Items from a data source
· · · · · · ·

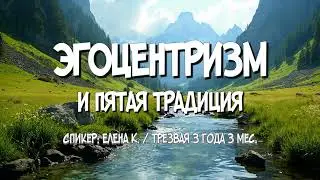 Эгоцентризм и 5 традиция / Елена К. / Трезвая 3 года 3 мес.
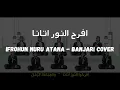 Download Lagu (Ifrohun Nuru Atana) افرحوا النور أتانا  ||  Banjari Cover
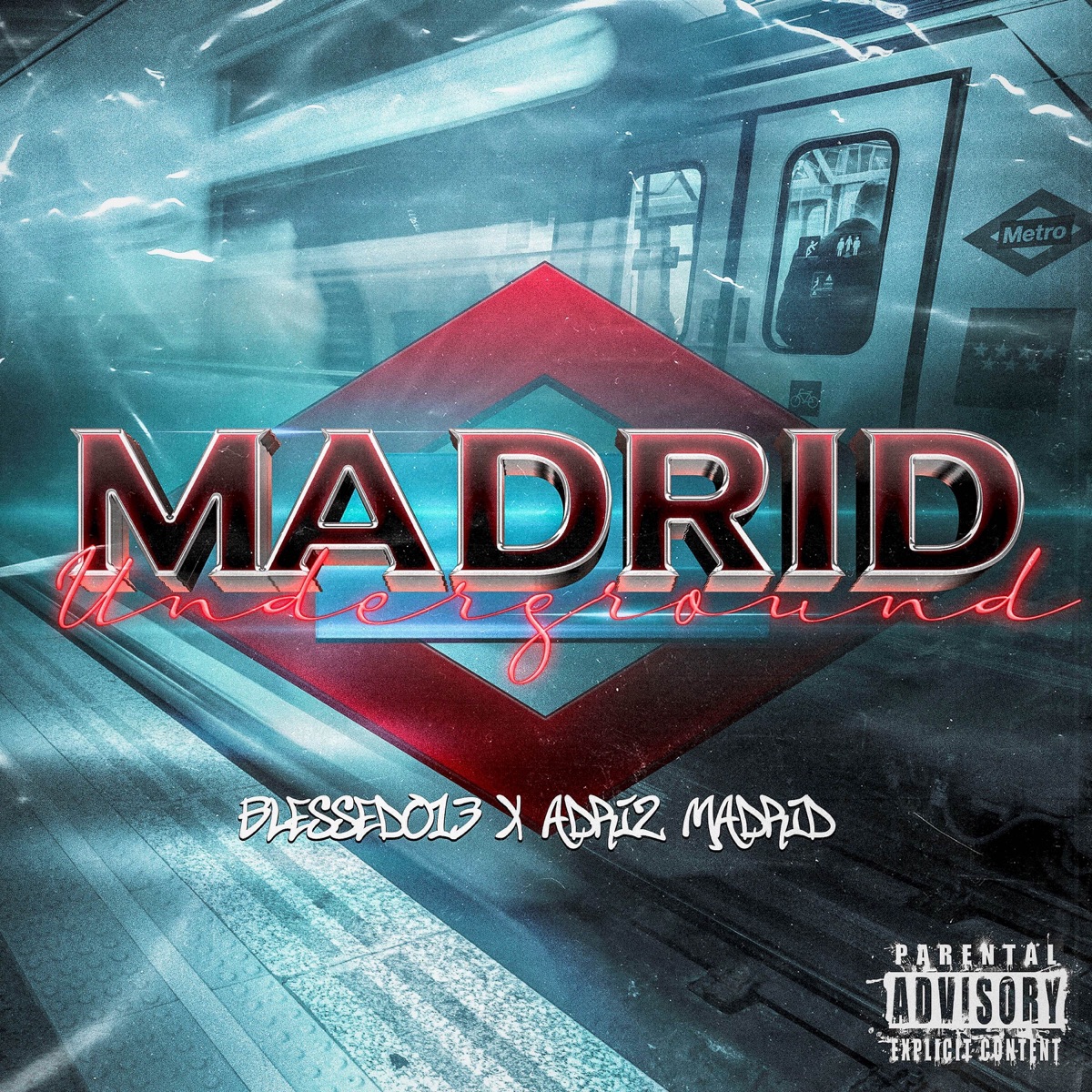 Madrid Underground - Single by Adriz Madrid & Blessed013 album cover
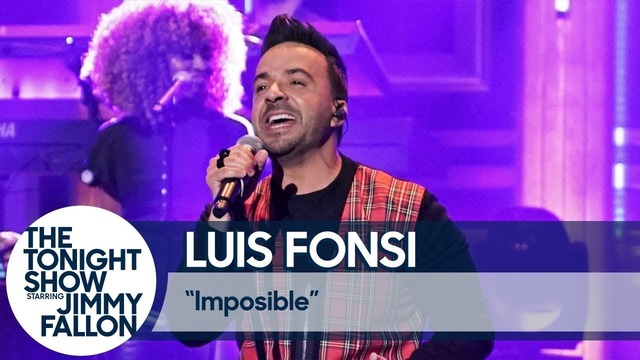 Luis Fonsi Imposible (Live Jimmy Fallon 2019!)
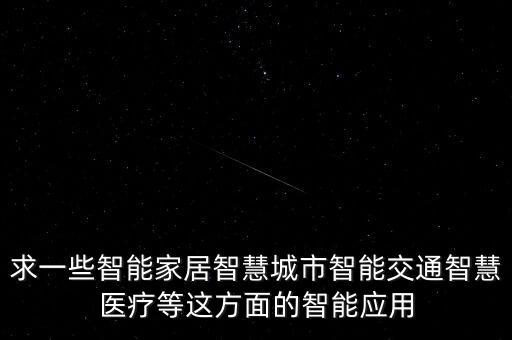 求一些智能家居智慧城市智能交通智慧醫(yī)療等這方面的智能應(yīng)用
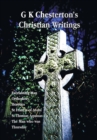 G K Chesterton's Christian Writings (Unabridged) : Everlasting Man, Orthodoxy, Heretics, St Francis of Assisi, St. Thomas Aquinas and the Man Who Was T - Book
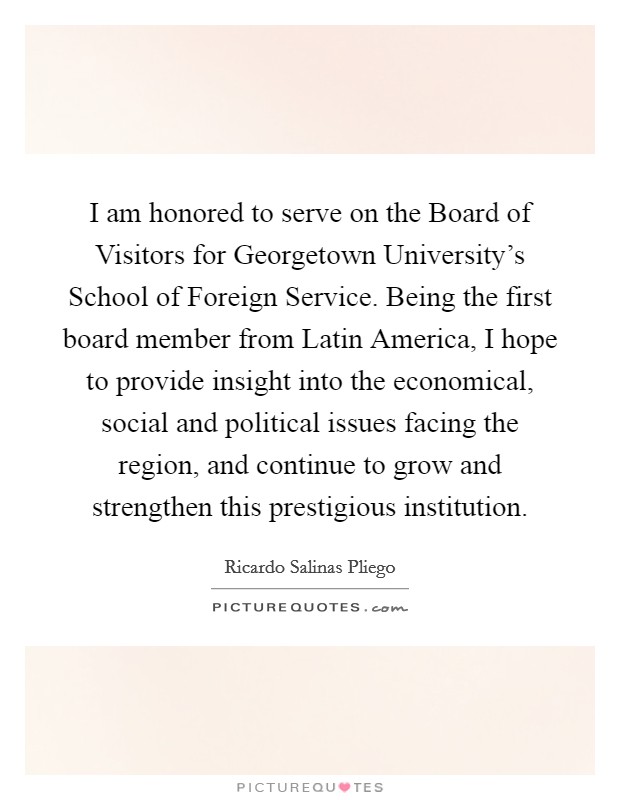 I am honored to serve on the Board of Visitors for Georgetown University's School of Foreign Service. Being the first board member from Latin America, I hope to provide insight into the economical, social and political issues facing the region, and continue to grow and strengthen this prestigious institution. Picture Quote #1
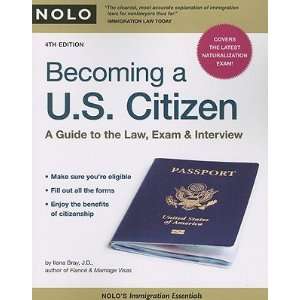 Citizen A Guide to the Law, Exam & Interview [BECOMING A US CITIZEN 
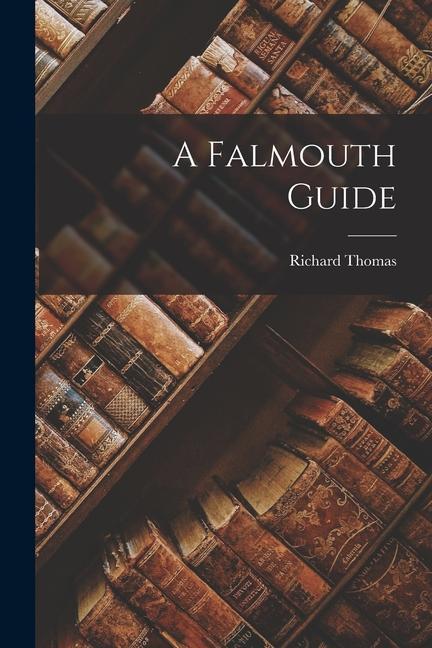 Vorderes Coverbild A Falmouth Guide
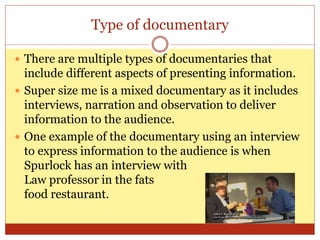 Type of documentary
 There are multiple types of documentaries that
include different aspects of presenting information.
 Super size me is a mixed documentary as it includes
interviews, narration and observation to deliver
information to the audience.
 One example of the documentary using an interview
to express information to the audience is when
Spurlock has an interview with
Law professor in the fats
food restaurant.
 
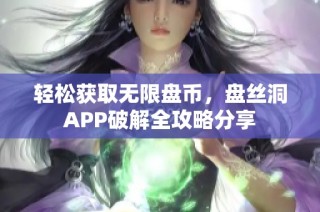 轻松获取无限盘币，盘丝洞APP破解全攻略分享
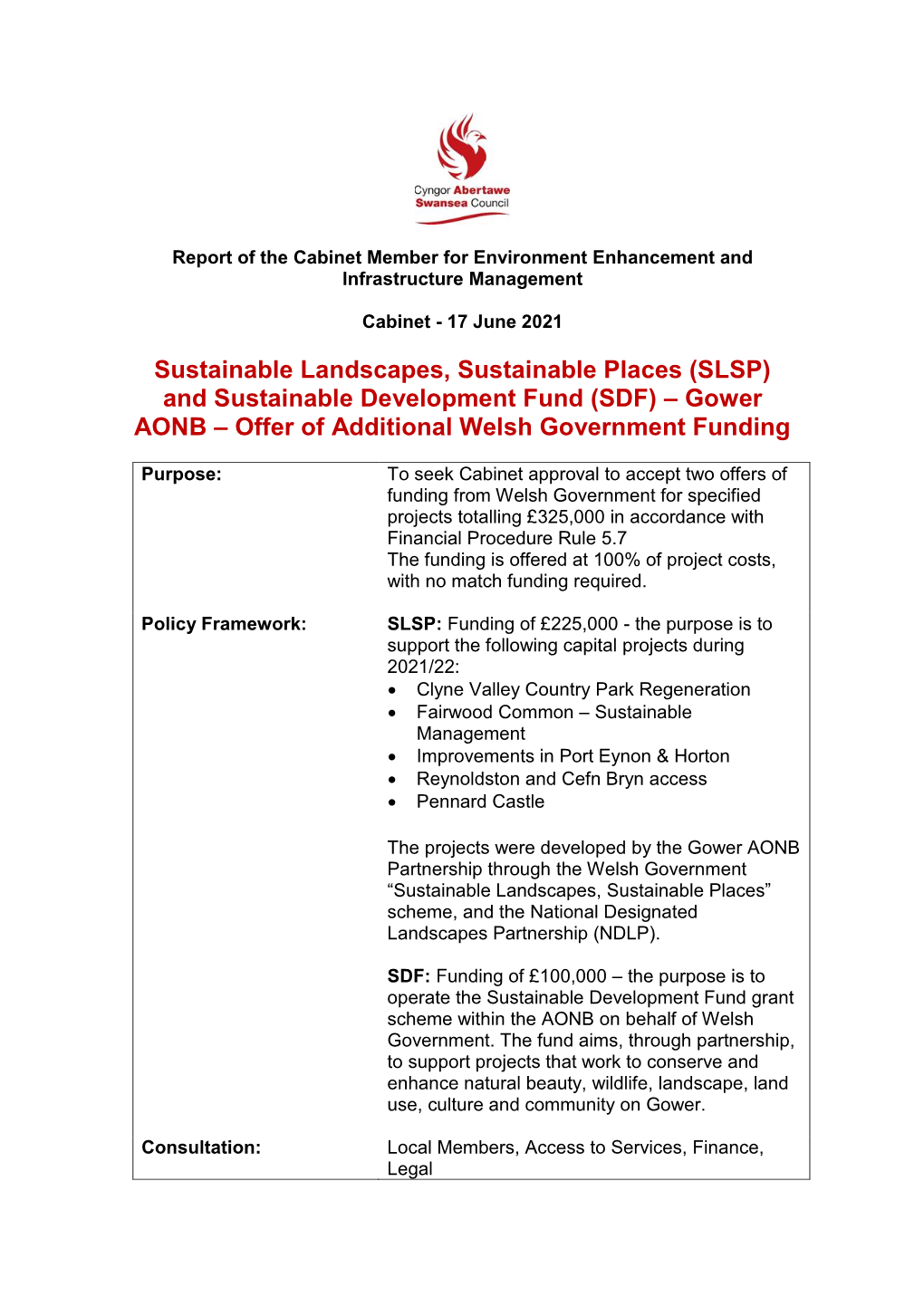 Report of the Cabinet Member for Environment Enhancement and Infrastructure Management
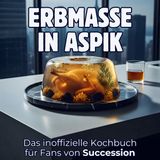 Erbmasse in Aspik: Das inoffizielle Kochbuch für Fans von Succession. 40 Rezepte für jedes Kochlevel: schnell, lecker, einfach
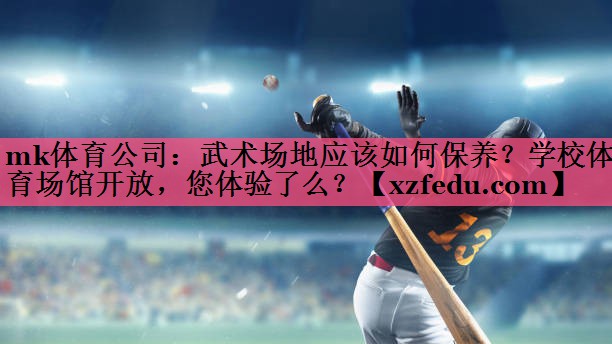 mk体育公司：武术场地应该如何保养？学校体育场馆开放，您体验了么？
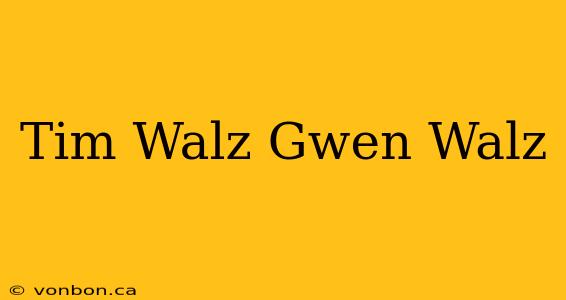 Tim Walz Gwen Walz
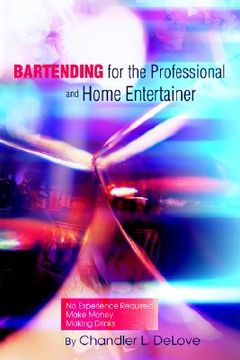 portada bartending for the professional and home entertainer (en Inglés)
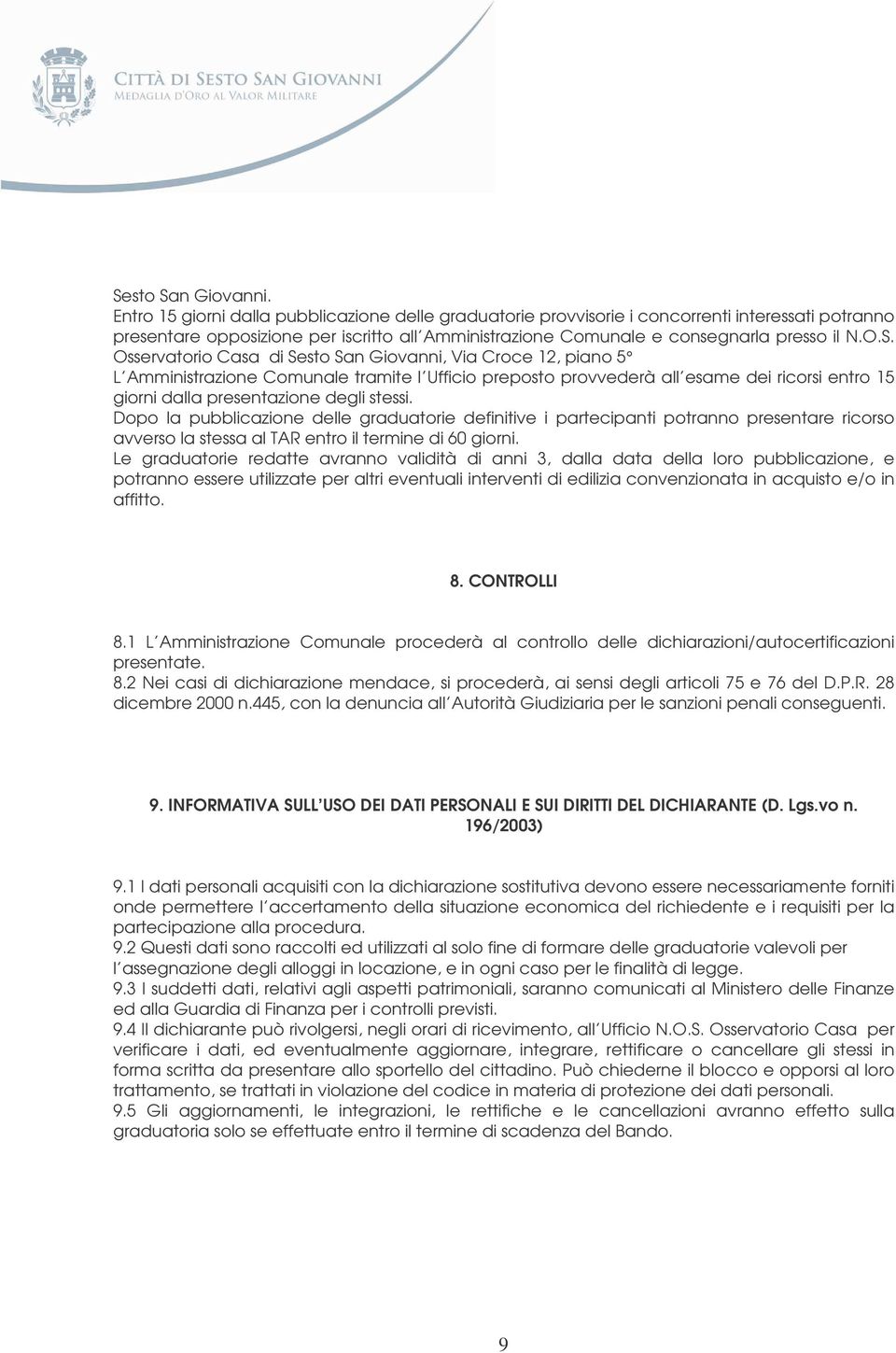 Osservatorio Casa di Sesto San Giovanni, Via Croce 12, piano 5 L Amministrazione Comunale tramite l Ufficio preposto provvederà all esame dei ricorsi entro 15 giorni dalla presentazione degli stessi.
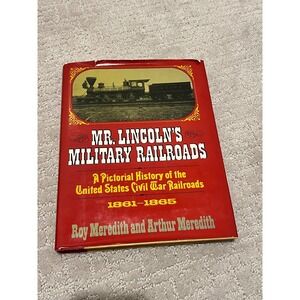 Mr Lincolns Military Railroads Civil War History Book Roy Arthur Meredith Norton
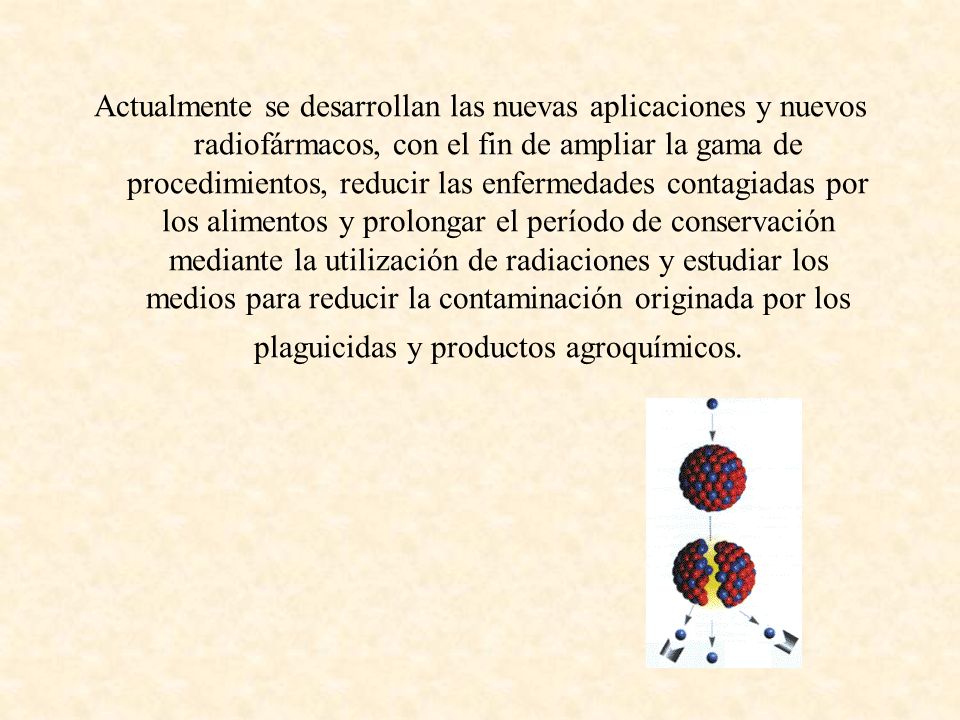 Actualmente se desarrollan las nuevas aplicaciones y nuevos radiofármacos, con el fin de ampliar la gama de procedimientos, reducir las enfermedades contagiadas por los alimentos y prolongar el período de conservación mediante la utilización de radiaciones y estudiar los medios para reducir la contaminación originada por los plaguicidas y productos agroquímicos.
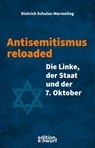 Antisemitismus reloaded - Dietrich Schulze-Marmeling - 9783896847140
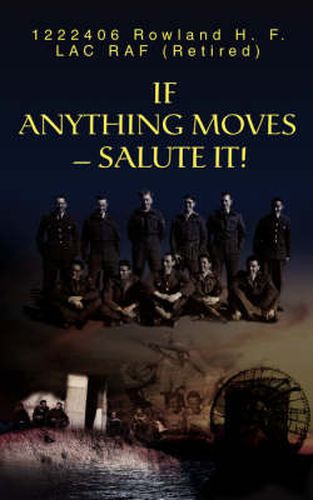 Cover image for If Anything Moves--Salute It!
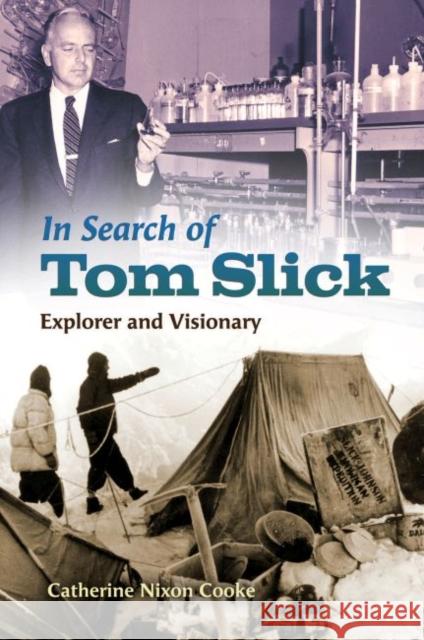 In Search of Tom Slick: Explorer and Visionary Catherine Nixon Cooke 9781623498719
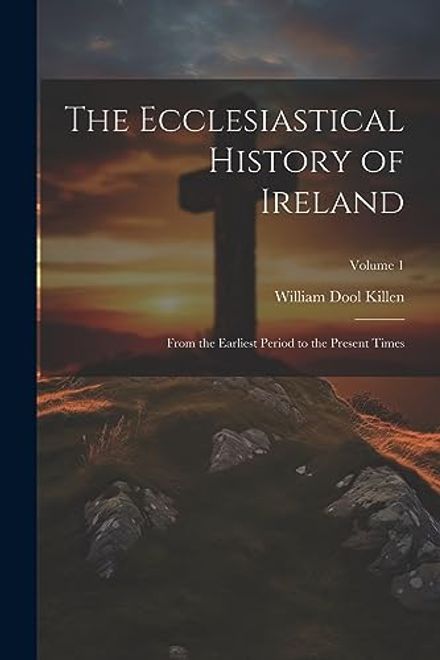 portada The Ecclesiastical History of Ireland: From the Earliest Period to the Present Times; Volume 1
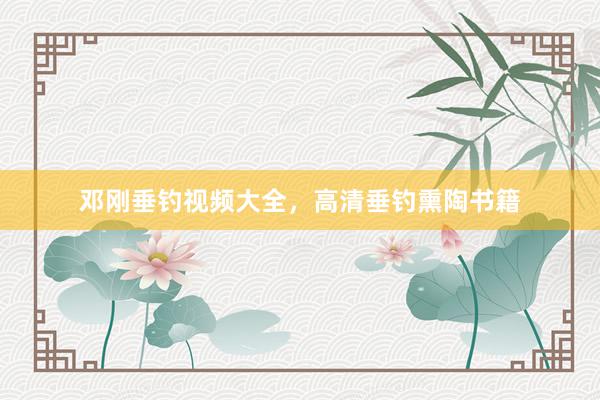 邓刚垂钓视频大全，高清垂钓熏陶书籍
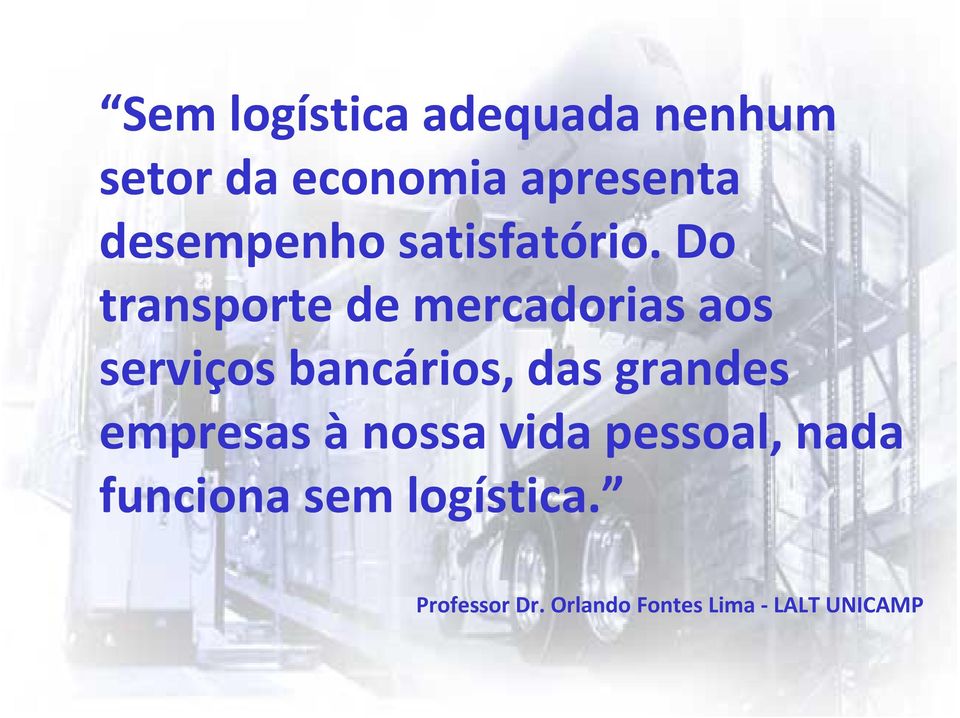 Do transporte de mercadorias aos serviços bancários, das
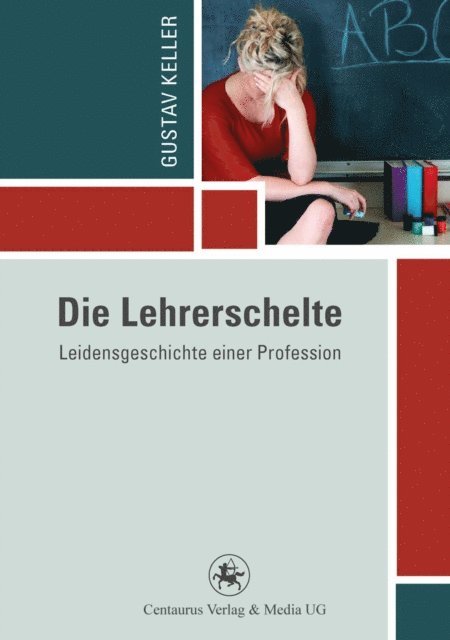 Gustav Keller - Die Lehrerschelte, E-bok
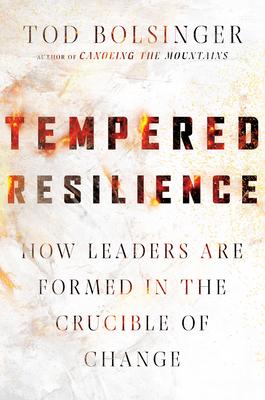 Tempered Resilience: How Leaders Are Formed in the Crucible of Change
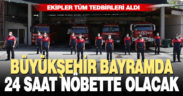 Büyükşehir bayram tedbirlerini aldı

· · · · · · ·

Please output the lines from the line that contains "Osservatorio Casa di" through the end of the records, both ends included, exactly and with no pictures.

Answer section:
 Osservatorio Casa di Sesto San Giovanni, Via Croce 12, piano 5 L Amministrazione Comunale tramite l Ufficio preposto provvederà all esame dei ricorsi entro 15 giorni dalla presentazione degli stessi.
 Mr Lincolns Military Railroads Civil War History Book Roy Arthur Meredith Norton
 Actualmente se desarrollan las nuevas aplicaciones y nuevos radiofármacos, con el fin de ampliar la gama de procedimientos, reducir las enfermedades contagiadas por los alimentos y prolongar el período de conservación mediante la utilización de radiaciones y estudiar los medios para reducir la contaminación originada por los plaguicidas y productos agroquímicos.
 Antisemitismus reloaded - Dietrich Schulze-Marmeling - 9783896847140
 Cover image for If Anything Moves--Salute It!
 In Search of Tom Slick: Explorer and Visionary Catherine Nixon Cooke 9781623498719
 portada The Ecclesiastical History of Ireland: From the Earliest Period to the Present Times; Volume 1
 邓刚垂钓视频大全，高清垂钓熏陶书籍
 Do transporte de mercadorias aos serviços bancários, das
 Gustav Keller - Die Lehrerschelte, E-bok
 Tempered Resilience: How Leaders Are Formed in the Crucible of Change
 Büyükşehir bayram tedbirlerini aldı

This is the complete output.